I spend a lot less time grooming the Samoyeds (and they're show dogs) then I do on the Havanese.


----------



## clare (Feb 6, 2010)

How do they get along,Samoyed and Havanese,do they exercise together,and how do their temperaments differ?I am asking because in the fullness of time we might possibly look at owning a Samoyed.Our Havs are velcro dogs so we never have to worry about recall when we are out,are Samoyed okay off lead?Thanks any advice would be appreciated.


----------



## Targaryen (Apr 10, 2013)

clare said:


> How do they get along,Samoyed and Havanese,do they exercise together,and how do their temperaments differ?I am asking because in the fullness of time we might possibly look at owning a Samoyed.Our Havs are velcro dogs so we never have to worry about recall when we are out,are Samoyed okay off lead?Thanks any advice would be appreciated.


The two breeds get along really well. Both breeds live and exercise together although always under supervision as although the Samoyeds are very careful with the Havs they can get a little too full on and hurt the Havs by mistake. 
Both are very playful and cheeky although the Havs are the easier breed to train. Samoyeds adore being with their families but they're also Spitz breeds which makes them quite independent. Unless you're willing to put in a lot of recall training I wouldn't recommend letting them off lead.


----------



## clare (Feb 6, 2010)

Thank's for the information!


----------



## Pucks104 (Aug 16, 2012)

*Leo's big dog buddy!*

Leo has developed a real attachment to our 4.5 year old, 70 lb. mixed breed, Porter.


----------



## RoutineAvocado (Feb 6, 2013)

These pictures are fantastic - love them all! I'm bringing my puppy home next week and was feeling a little nervous about the boxer who lives next door. The boxer is still a puppy himself (approx. 10 months) but he's huge and has no qualms about jumping up on me. He's a big sweetie, just not very smart. I'll introduce them very carefully, but this gives me encouragement that maybe they'll be buddies. Our front doors are only a few feet apart and we love sitting on our porch so they're going to see a lot of each other!


----------



## sprorchid (Mar 30, 2010)

Pucks104 - wow that's a super cute pic!!! helps to make my morning start off on the right foot. thx. for posting that.


----------



## clare (Feb 6, 2010)

Lovely pic!Beautiful dogs.


----------



## KimmPuppy (Apr 21, 2013)

sprorchid said:


> more:


Goodness! That is sooooo cute how they hang together!!!!


----------



## Pucks104 (Aug 16, 2012)

The big dogs, when dog friendly, seem to understand that these 
little guys are very small and that they have to interact differently.


----------



## KimmPuppy (Apr 21, 2013)

RoutineAvocado said:


> These pictures are fantastic - love them all!
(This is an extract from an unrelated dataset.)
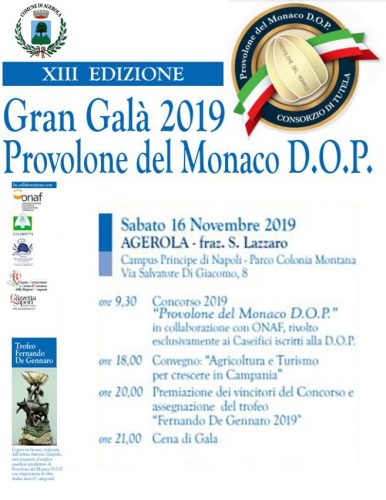 agerola provolone monaco 2019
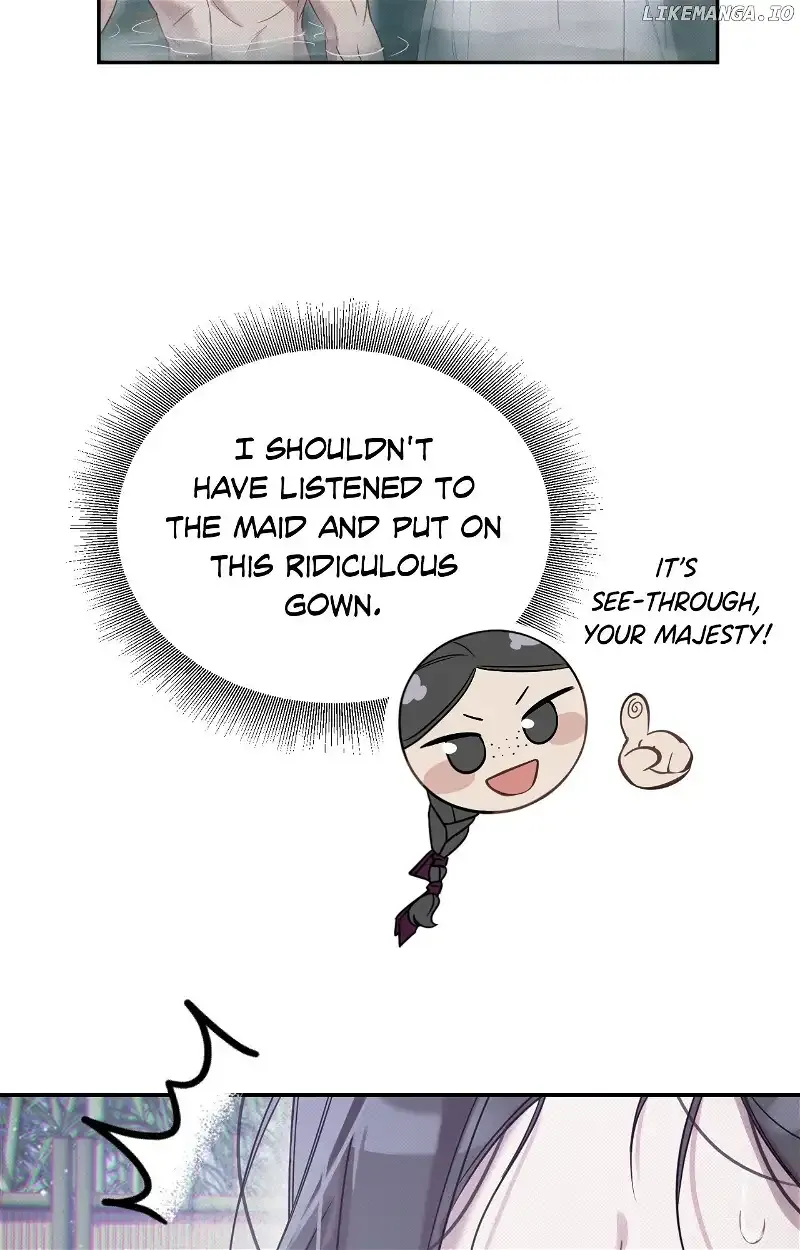 The Queen’s Secret Lessons Chapter 23 Online - página 65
I'm bringing my puppy home next week and was feeling a little nervous about the boxer who lives next door. The boxer is still a puppy himself (approx. 10 months) but he's huge and has no qualms about jumping up on me. He's a big sweetie, just not very smart. I'll introduce them very carefully, but this gives me encouragement that maybe they'll be buddies. Our front doors are only a few feet apart and we love sitting on our porch so they're going to see a lot of each other!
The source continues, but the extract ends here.